During the test, you’ll be asked to lie on an exam table on your left side with your knees pulled up. Your doctor might insert a gloved finger into the rectum to examine it before putting in the colonoscope. The colonoscope is lubricated with gel so it can be inserted easily into the rectum. To start the procedure the doctor blows some air through the small tube into your colon. This inflates the colon slightly so the doctor can see better. You might need to change your position during the procedure. This is to help the doctor move the colonoscopy tube or get a better view. The doctor or nurse will help with this.


It is then passed all the way up to the beginning of the colon, called the cecum. The doctor will look carefully on the monitor for any abnormalities or polyps on the inner walls of the colon and rectum as the colonoscope is slowly removed.

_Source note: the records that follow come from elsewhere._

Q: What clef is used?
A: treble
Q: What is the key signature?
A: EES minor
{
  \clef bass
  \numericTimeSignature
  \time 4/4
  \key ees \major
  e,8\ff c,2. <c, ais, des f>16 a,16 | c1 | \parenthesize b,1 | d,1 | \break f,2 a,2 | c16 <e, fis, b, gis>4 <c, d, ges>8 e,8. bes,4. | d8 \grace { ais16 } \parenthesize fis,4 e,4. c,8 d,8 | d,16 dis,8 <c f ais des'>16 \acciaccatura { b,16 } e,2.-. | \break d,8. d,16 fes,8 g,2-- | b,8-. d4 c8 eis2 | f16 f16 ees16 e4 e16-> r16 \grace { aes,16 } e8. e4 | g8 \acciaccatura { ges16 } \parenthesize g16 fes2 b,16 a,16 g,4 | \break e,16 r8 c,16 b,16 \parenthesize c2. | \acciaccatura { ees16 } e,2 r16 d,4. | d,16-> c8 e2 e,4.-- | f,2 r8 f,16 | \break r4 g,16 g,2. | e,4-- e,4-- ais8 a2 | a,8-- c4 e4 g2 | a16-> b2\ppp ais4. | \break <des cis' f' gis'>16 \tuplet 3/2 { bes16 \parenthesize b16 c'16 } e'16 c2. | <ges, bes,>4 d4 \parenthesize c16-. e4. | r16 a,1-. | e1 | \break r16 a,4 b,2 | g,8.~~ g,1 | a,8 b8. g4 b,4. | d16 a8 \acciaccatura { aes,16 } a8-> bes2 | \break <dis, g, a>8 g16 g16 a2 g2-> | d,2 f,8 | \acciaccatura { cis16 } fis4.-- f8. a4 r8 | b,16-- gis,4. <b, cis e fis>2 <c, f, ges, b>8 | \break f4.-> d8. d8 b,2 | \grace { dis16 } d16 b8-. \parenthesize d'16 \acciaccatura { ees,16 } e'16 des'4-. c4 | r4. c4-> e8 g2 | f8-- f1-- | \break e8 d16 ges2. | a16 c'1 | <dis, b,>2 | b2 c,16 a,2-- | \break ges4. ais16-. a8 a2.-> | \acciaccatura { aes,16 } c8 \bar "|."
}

If an abnormal growth or polyp is detected in your colon or rectum during the procedure, the doctor will try to remove it. In addition, a biopsy will be taken if necessary. This is not usually painful, and the doctor will stop any bleeding. If the growth is too large or complicated to remove during the colonoscopy, it will be removed at another time. Any biopsy or tissue removal will be sent to a lab for further analysis. During the procedure, you may feel discomfit from lying still for a long time. If you are awake, you may have some cramps. If so, tell your nurse.  



After the procedure, you will need to stay at the center until you are fully awake (about an hour) and until you urinate before you are able to go home. You will need a ride home because you cannot drive until the anesthesia fully wears off. Your doctor or nurse should give you specific instructions on what you can and can’t do after the test.


Because air is pumped into the colon and rectum during the test, you might feel bloated, have gas pains, or have cramping for a while after the test until the air passes out.


If biopsies are done as part of the procedure, the results will typically be available within a few days, although some tests on the biopsy samples might take longer. You will need to follow up with your doctor after the procedure to get your results.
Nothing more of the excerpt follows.